# [WHAT TO DO]
Beginning with the line that contains "Hcalory All in" and ending with the last line of the records, write out each line exactly and omit the pictures.

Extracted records

:::

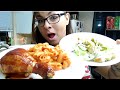 BBQ Chicken - Macaroni &amp; Cheese With a Salad | Recipe/Mukbang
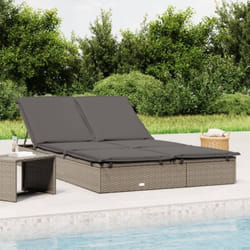 Vidaxl - Chaise longue à 2 places avec coussins gris résine tressée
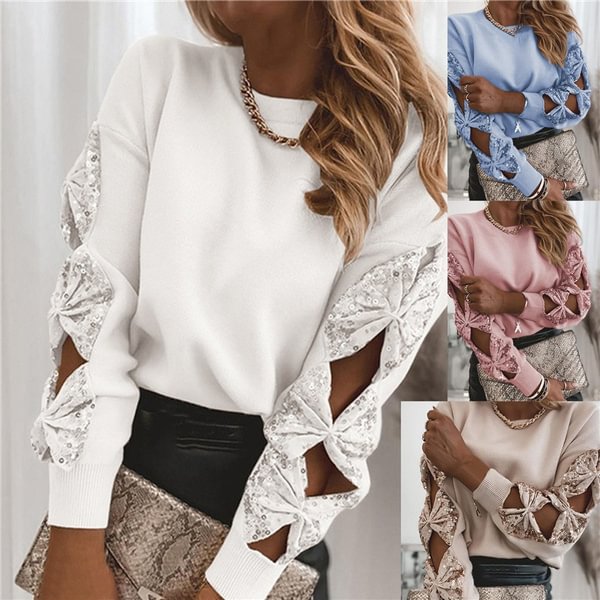 Sequined Bow Top Cutout Elegant Women Sequin Hollow Out Bow Long Sleeve Pullover Tops Casual Solid O-Neck Spring - Chicaggo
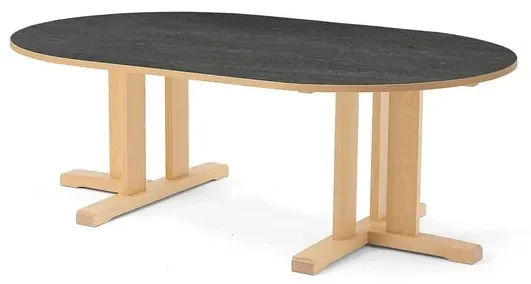 Stôl KUPOL, oválny, 1500x800x500 mm, linoleum - tmavošedá, breza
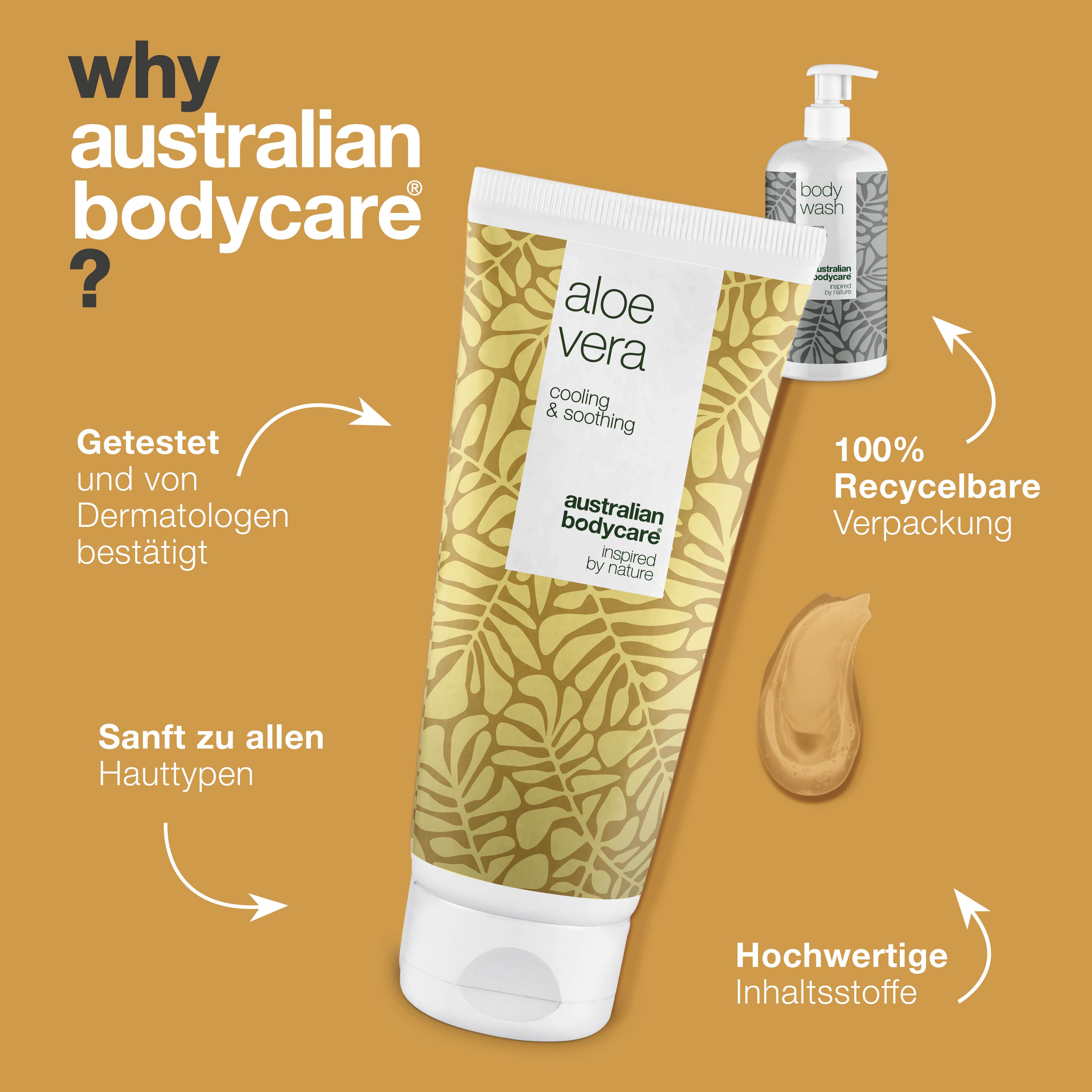 Aloe Vera Gel und Body Wash. Text: Warum Australian Bodycare? 100% recycelbar.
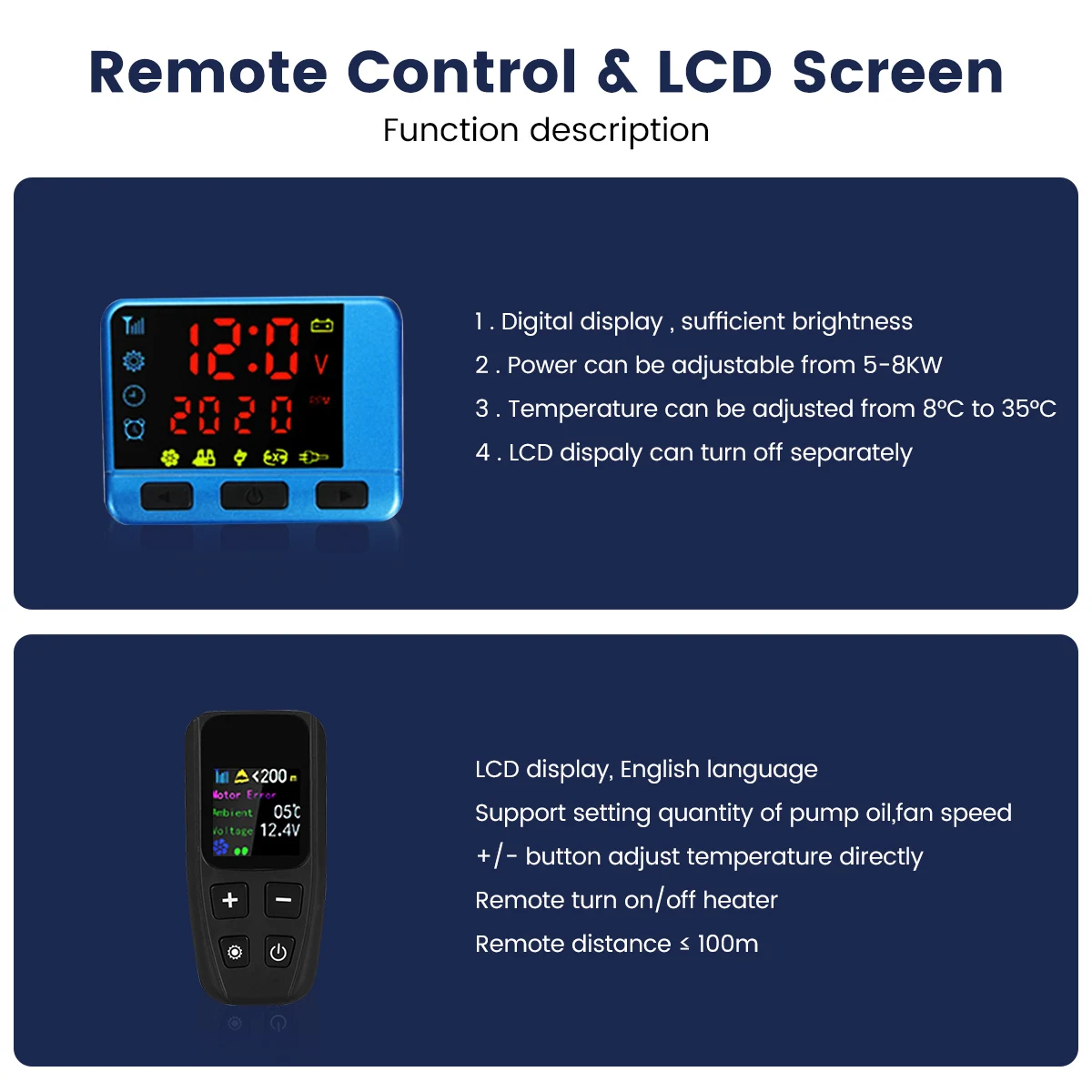 Hcalory All in One 5-8KW 12V 2KW Car Heating Diesels Air Parking Heater LCD Switch Remote Control car heater for Car Truck Bus Garage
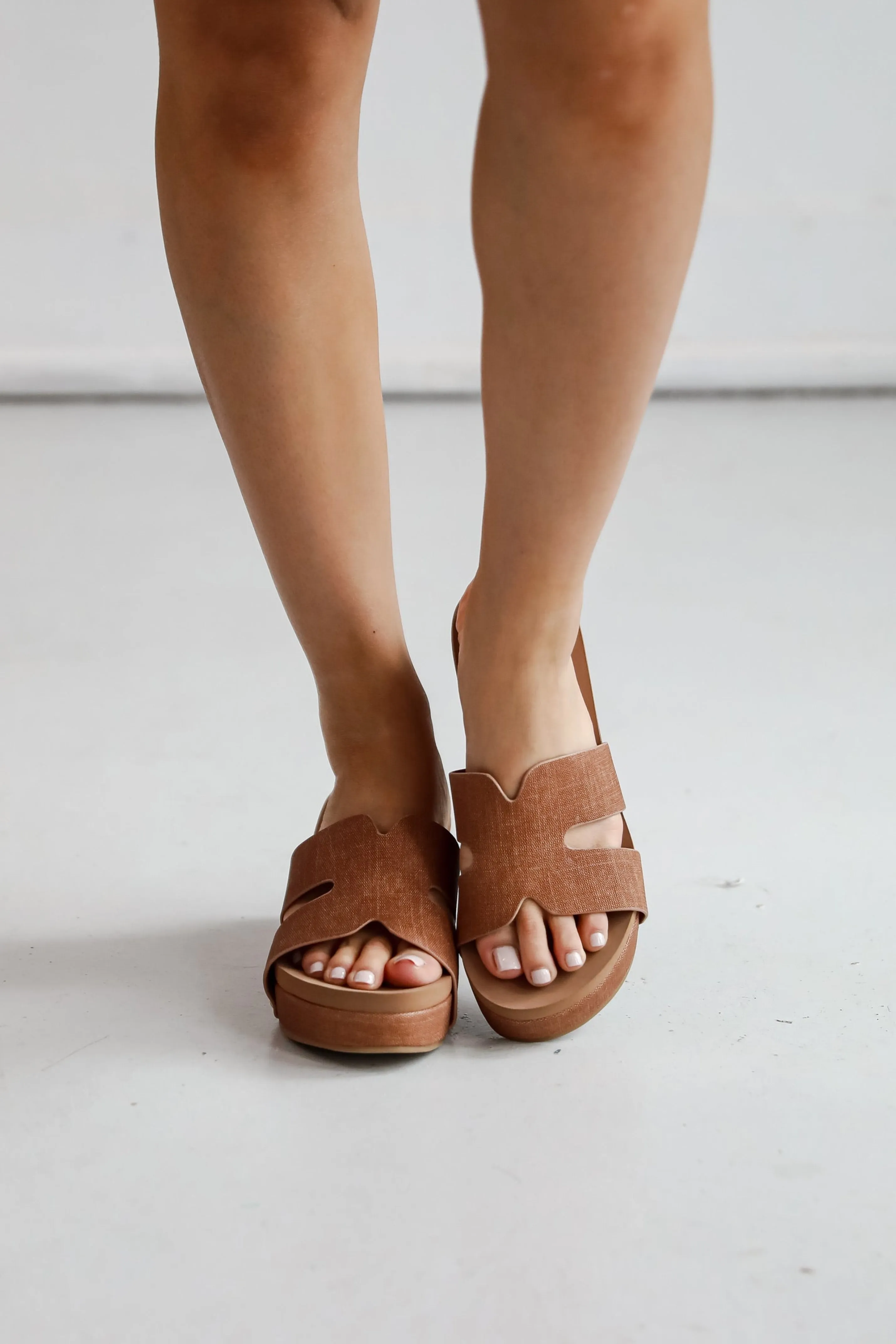 Every Step Counts Tan Platform Wedges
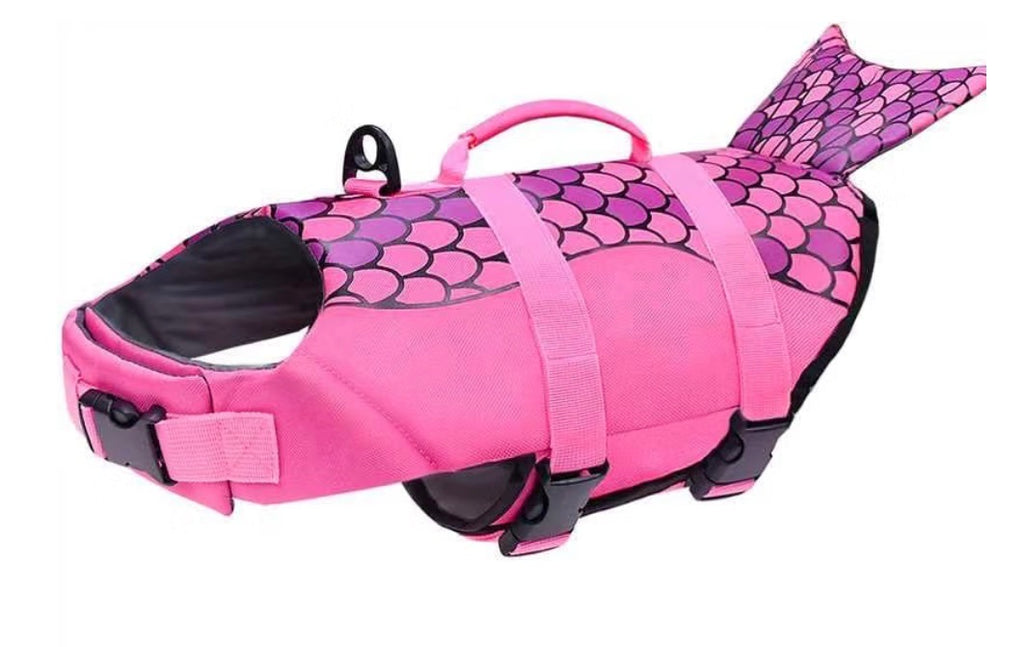 Dog Life Jacket, Ripstop Dog Life Vest with High Buoyancy for Swimming Boating, High Visibility Shark Puupy Lifesaver for Small Medium Large Dogs (Pink #1, Large)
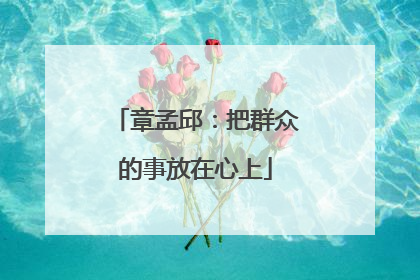 章孟邱：把群众的事放在心上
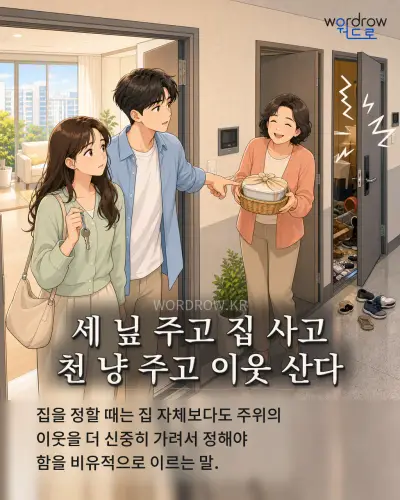 한국어 속담 “세 닢 주고 집 사고 천 냥 주고 이웃 산다” 1컷 일러스트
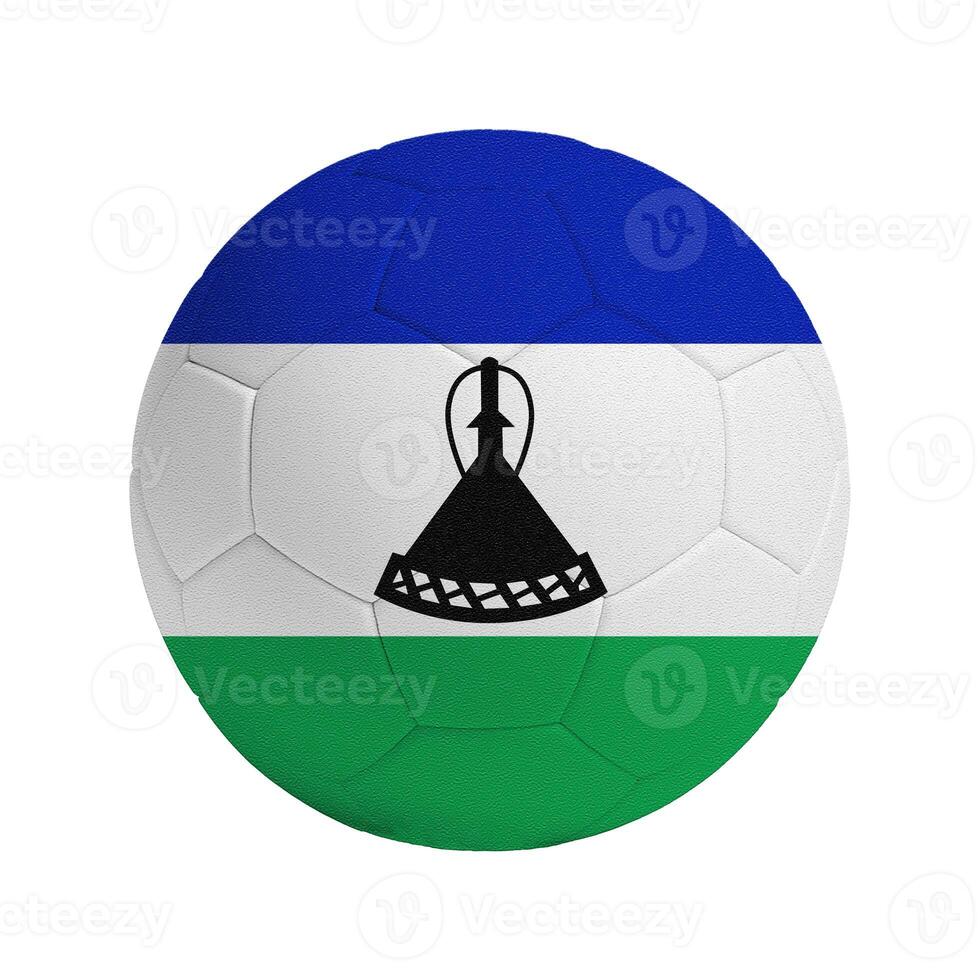 Soccer ball with flag of Lesotho photo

:::

# [EXERCISE ANSWER]
 Hcalory All in One 5-8KW 12V 2KW Car Heating Diesels Air Parking Heater LCD Switch Remote Control car heater for Car Truck Bus Garage
 Every Step Counts Tan Platform Wedges
 Dog Life Jacket, Ripstop Dog Life Vest with High Buoyancy for Swimming Boating, High Visibility Shark Puupy Lifesaver for Small Medium Large Dogs (Pink #1, Large)
 章孟邱：把群众的事放在心上
 한국어 속담 “세 닢 주고 집 사고 천 냥 주고 이웃 산다” 1컷 일러스트
 Soccer ball with flag of Lesotho photo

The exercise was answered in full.